I accompanied my mentor to one other demo that day, in the home of an elderly lady who was the sole caretaker of her mentally challenged thirtysomething daughter. Neither of us wanted to be there. Fifteen minutes into the demo we cut it short and apologized profusely to the lady for wasting her time, but we had to stay put because the van was still circling the neighbourhood in search of new marks. An hour later they showed up, and we left. I told them I had to duck out early to get to class, which they reluctantly allowed. This was a lie, of course.
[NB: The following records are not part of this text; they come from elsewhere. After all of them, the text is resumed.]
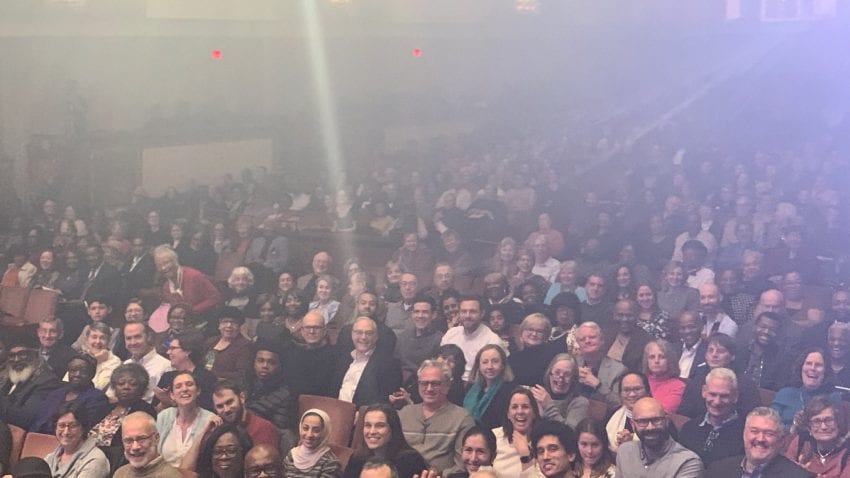 A crowd sitting in one of the Kennedy Center theaters smiling at the camera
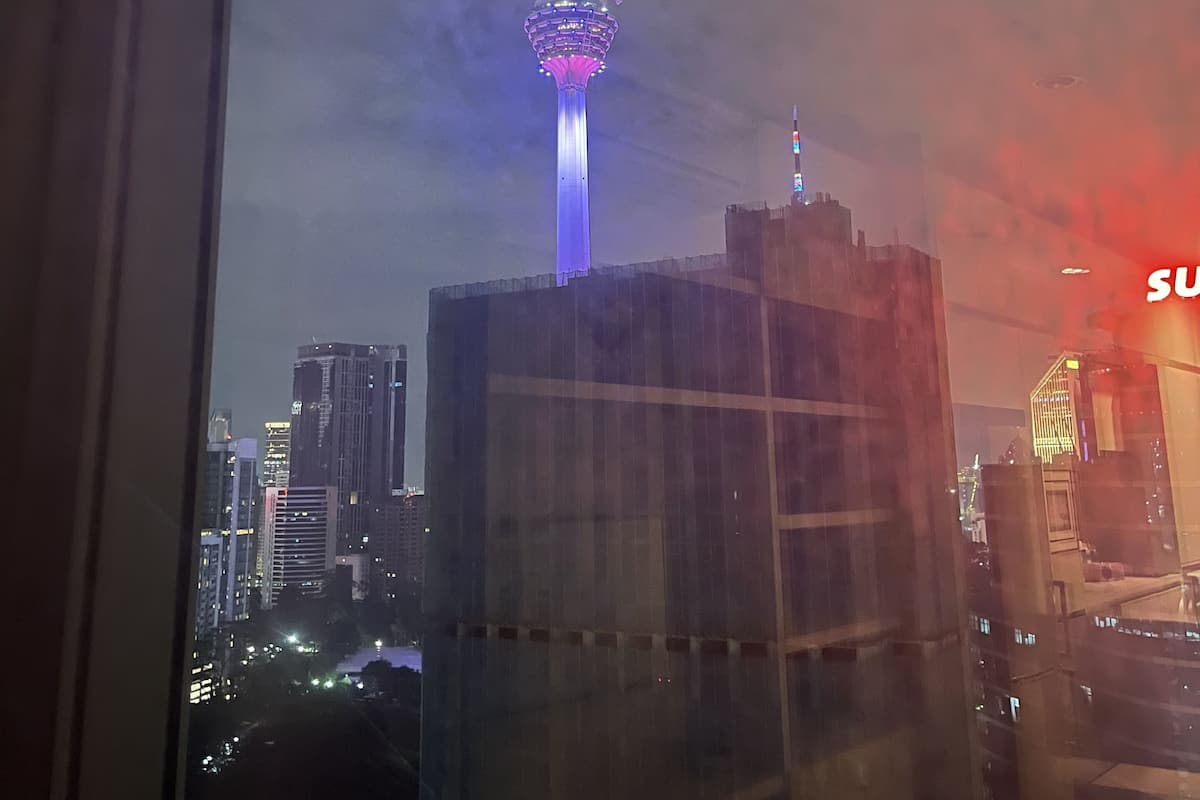 A cityscape with a prominent tower featuring illuminated rings and a spire, viewed through a window with a reflection of a building.
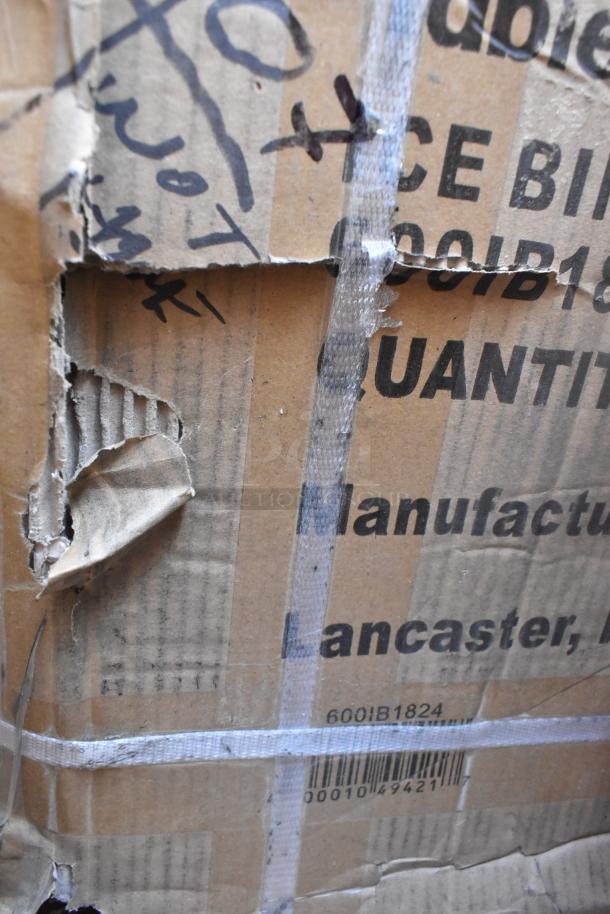 Damaged cardboard packaging labeled "Lancaster" with SKU 600IB1824, containing scratch and dent items including a sink.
I merely sought to preserve what remained of my soul.

I would later learn from various eyewitness accounts and blog entries that the company not only advocated but expected its salespeople to stay out well past dark to meet their quota of 3 presentations a day. I've read comments from frustrated customers who, after enduring four-hour-long sales pitches, genuinely feared for the mental well-being of Kirby salespeople who broke down in tears in their homes, claiming their bosses would kill them if they didn't make at least one sale. Other accounts admit the sales folk just straight up went for the jugular and said a vacation to Hawaii was on the line. At this I don't know whom to demonize and whom to pity. Sure, these poor souls were hoodwinked into a total scam, but they also caved in to pure greed. For the sake of my sanity I simply consider it a case of one sin begetting another.

I never got paid for my three days of "work". I really don't care. I've also been fortunate enough never to have been on the receiving end of one of these dubious sales pitches, but I can safely say that after my experience, as much as I love being pissy to strangers, I couldn't bring myself to slam the door on one of them. Not right away, at least. Maybe after the third time of asking them nicely to leave with the business end of a 12 gauge.